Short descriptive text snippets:
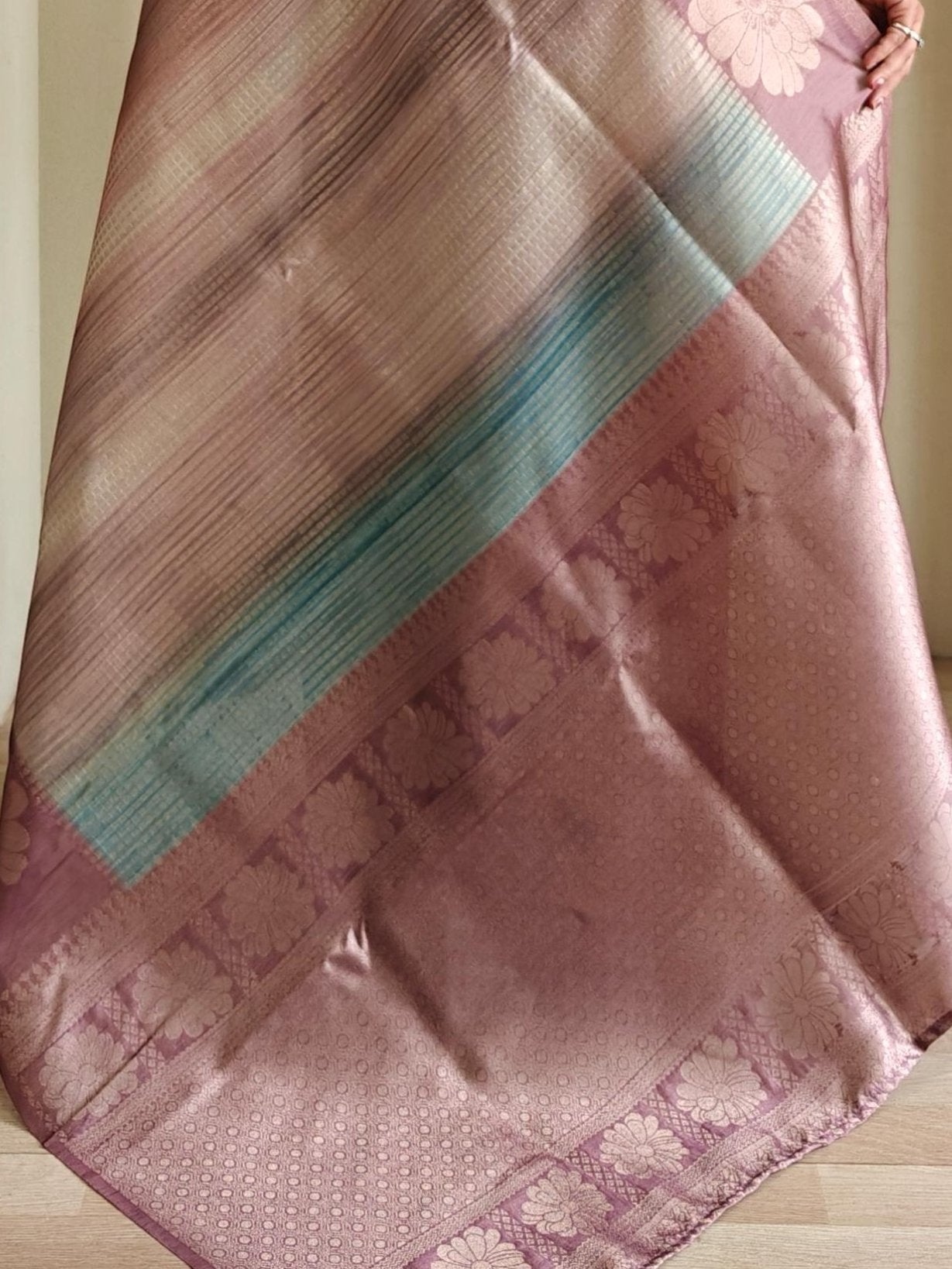 Amazing Lilac Zari Weaving Silk Designer Saree With Blouse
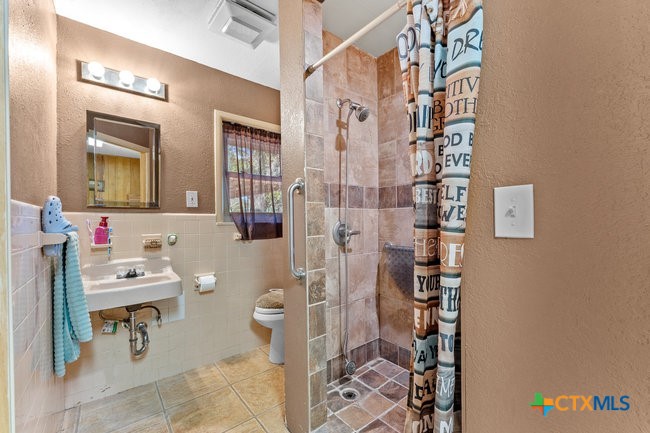 Seguin, Texas, 78155, United States, 4 Bedrooms Bedrooms, ,2 BathroomsBathrooms,Residential,For Sale,2049245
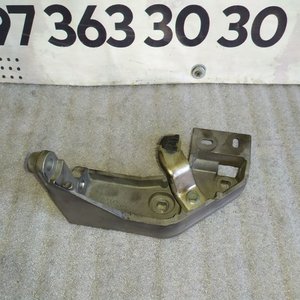 Кронштейн кріплення ПНВТ 1.9 dci Renault Laguna II (01-07) 8200055566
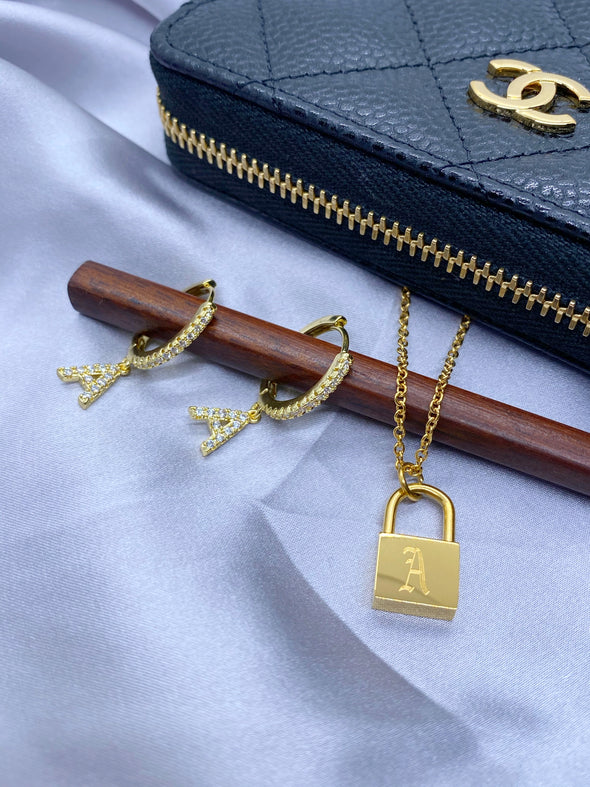 Old English Initial Lock Necklace '18k Gold Plated'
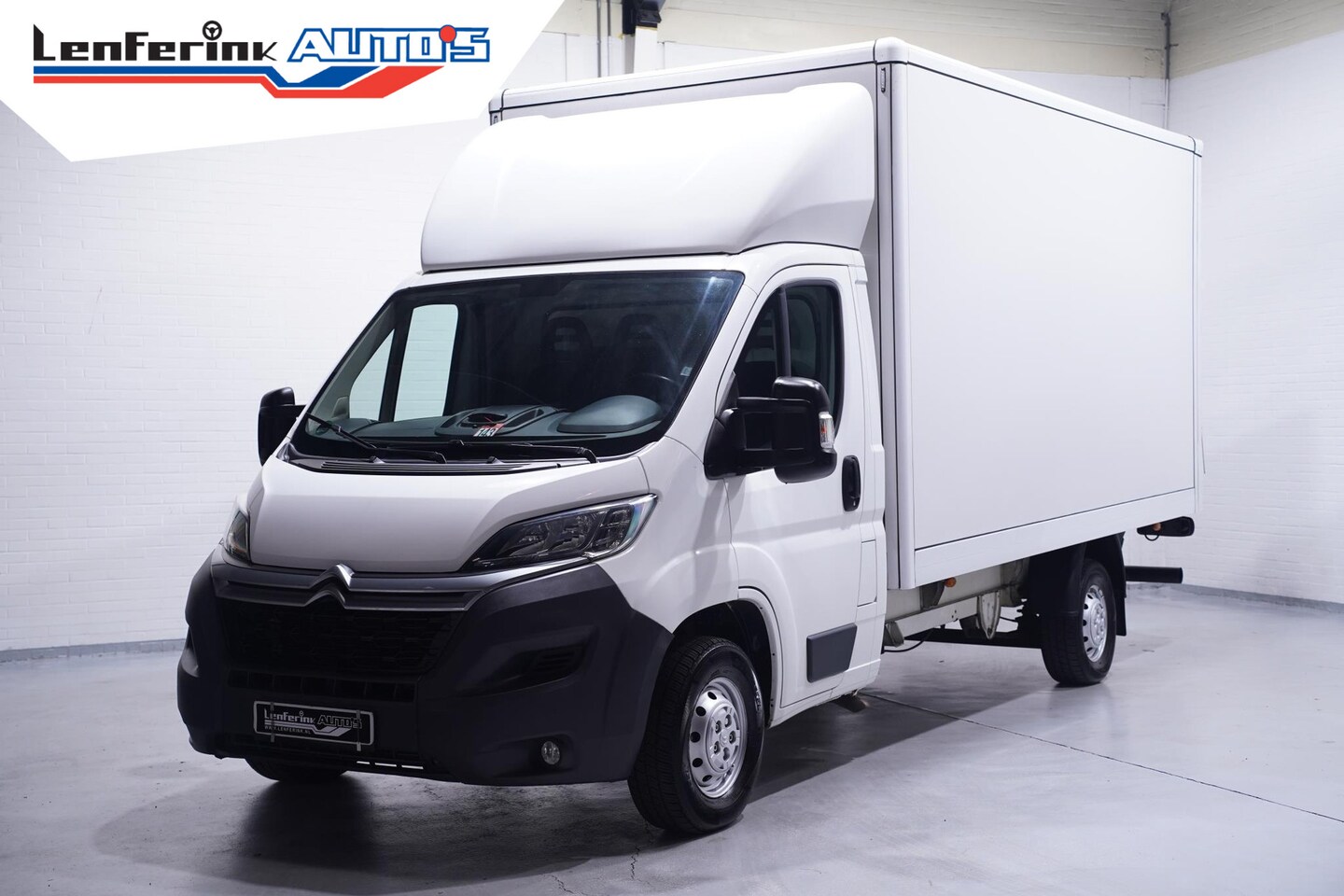 Citroën Jumper - 2.0 HDI 130 pk Bakwagen met Laadklep Navi Airco, Dakspoiler, Nette Staat, 3-Zits - AutoWereld.nl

__What needs to be done__. A verbatim copy of every entry is wanted; the pictures stay out of it.

__Exercise output__.
 Amazing Lilac Zari Weaving Silk Designer Saree With Blouse
 Seguin, Texas, 78155, United States, 4 Bedrooms Bedrooms, ,2 BathroomsBathrooms,Residential,For Sale,2049245
 Кронштейн кріплення ПНВТ 1.9 dci Renault Laguna II (01-07) 8200055566
 Old English Initial Lock Necklace '18k Gold Plated'
 Citroën Jumper - 2.0 HDI 130 pk Bakwagen met Laadklep Navi Airco, Dakspoiler, Nette Staat, 3-Zits - AutoWereld.nl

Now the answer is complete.